Learning to love ill-formed expressions

Consider the problem of indexing into a list. So, a function of type

list a -> int -> a

What should be done about out-of-bounds indices?

  • throw an exception
  • return an option
  • take a default value to return
  • require proof that the index is in bounds

In a language like Coq, exceptions are not primitively available. The other three solutions are possible and used in practice, but they all have downsides.

First, they all change the type of the index function, either to return an option, or take an additional argument (either a default value or a proof).

Returning an option or taking a default value is cumbersome when one "knows" the index is bounds, because one is still forced to consider the case that it might not be.

Returning an option is especially cumbersome, because callers are forced to handle a return type that is not the same as list elements. They may have to introduce pattern matches to "extract" the value from the option, and then do something reasonable in the case when none is returned.

When taking a default value, one also typically needs a lemma that says "if the index is in bounds, then the default value doesn't matter", to allow reasoning about applications of the index function with different default values.

Requiring a proof that the index is in bounds in Coq is also cumbersome because it typically requires explicit manipulation of proof terms. Furthermore, the function typically needs to be shown to be proof irrelevant, so that it is easy to manipulate it as a function of just the non-proof arguments.

In Dafny, there is another way to implement the fourth solution, by using a partial function (a function with a nontrivial precondition). Callers of the function are obliged to prove the precondition at all callsites.

A major advantage of the Dafny version of this solution is that it does not change the type of the operation.

Dafny implements these precondition checks as part of a so-called "well-formedness" check on all programs, which is conceptually separate and prior to verification. Like verification conditions, the well-formedness check is dispatched to Z3. Since most well-formedness checks are obvious, this works well.

A Dafny expression is well formed if (roughly speaking) the preconditions of all partial functions called by the expression are true.

In practice, expressions with well-formedness checks are convenient to work with, because:

  • They allow functions to pass the obligation of handling some edge case to their caller.

    For example, by giving the list indexing operator the appropriate precondition, the implementation can avoid saying what to do if the index is out of bounds.

  • They allow modeling only some of the behavior of an external system.

    For example, we can expose a low-level, unsafe array indexing operator by saying that it is an external function with a precondition requiring the index to be in bounds.

  • The types of the operations don't change, allowing natural-looking programs that compose well.

Deliverables

  • Syntax and operational semantics of ILLPL, a core calculus based on Dafny that supports verification and well-formedness checks.

  • A formalization of the well-formedness check and VC generation for ILLPL.

  • A soundness theorem saying that verified programs don't go wrong.

  • A translation of ILLPL into WELLPL, a core calculus based on Boogie, in which well-formedness is syntactic.

  • A proof that the translation correctly translates ILLPL well-formedness into WELLPL verification conditions.

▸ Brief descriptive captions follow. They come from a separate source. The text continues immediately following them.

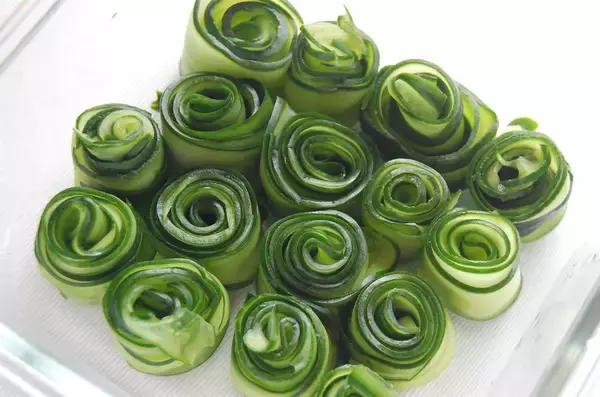 「【きゅうり大量消費】薄切りきゅうりをクルクル巻いて…これはもはや、料亭の一品！「胡瓜★やばい漬け」作ってみた♪」の画像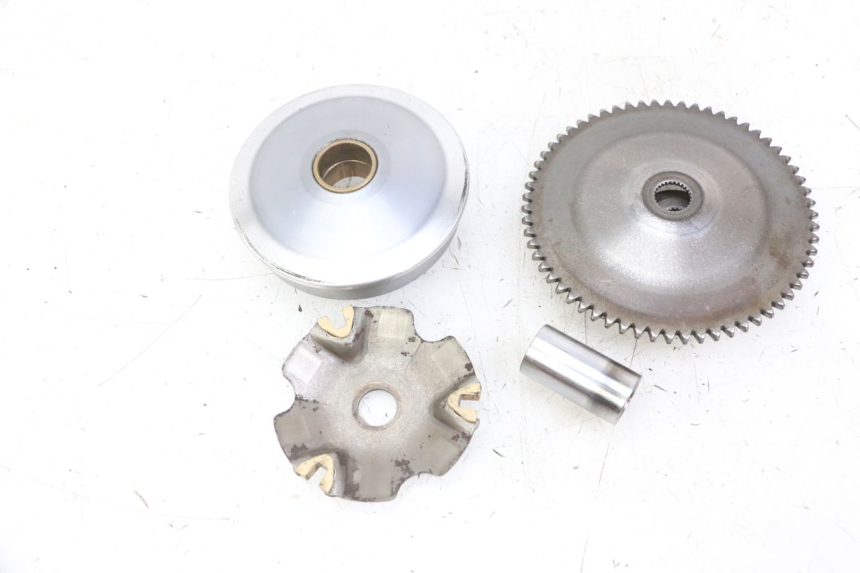 photo de VARIATOR PEUGEOT KISBEE 4T 50 (2010 - 2017) - Zoom op gebruiksstaat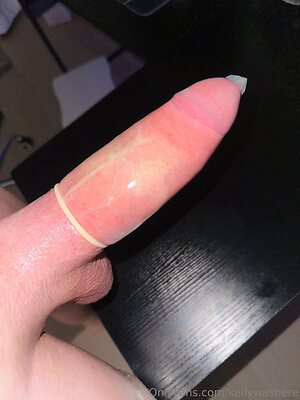 kellywashere Nude Leaked Photo #10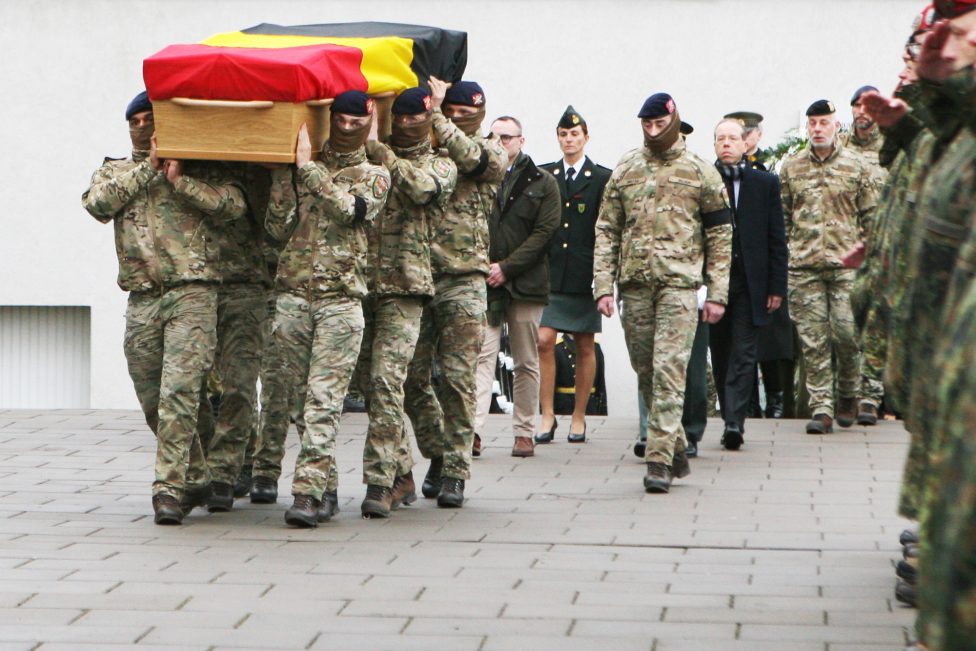 Soldaten tragen den Sarg mit dem 22-jährigen Soldaten, der in Litauen ums Leben gekommen ist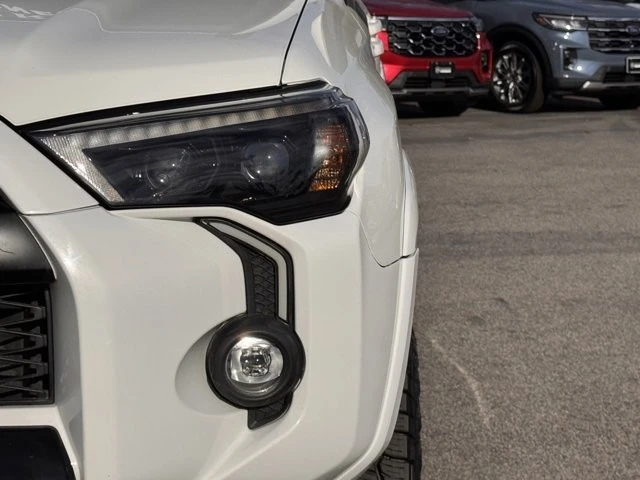 2019 Toyota 4Runner 5th Gen - Image 8 of 12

Thus, the translation gives a way to implement ILLPL using traditional FOL techniques without any notion of ill-formed expressions.

Motivating Example: Insertion Sort on Lists of Integers

fun insert(a, xs) =
    if xs == [] then
        [a]
    else if a <= xs[0] then  // notice that xs[0] is allowed here because
                             // we are in the else branch of xs == []
        [a] + xs
    else
        [xs[0]] + insert(a, xs[1..])

fun sort(xs) =
    if xs == [] then
        []
    else
        insert(xs[0], sort(xs[1..]))

fun sorted(xs) =
    // note xs[i] and xs[i+1] wf due to range hypothesis
    forall i. 0 <= i < |xs|-1 ==> xs[i] <= xs[i+1]

fun insert_sorted(a, xs)
    requires sorted(xs)
    ensures _. sorted(insert(a, xs))
=
    if xs == [] then
        ()
    else if a <= xs[0] then
        ()
    else
        insert_sorted(a, xs[1..])

fun sorted_sorted(xs)
    ensures sorted(sort(xs))
=
    if xs == [] then
        ()
    else
        let _ = sort_sorted(xs[1..])  // establishes insert_sorted precondition
        in insert_sorted(xs[0], sort(xs[1..]))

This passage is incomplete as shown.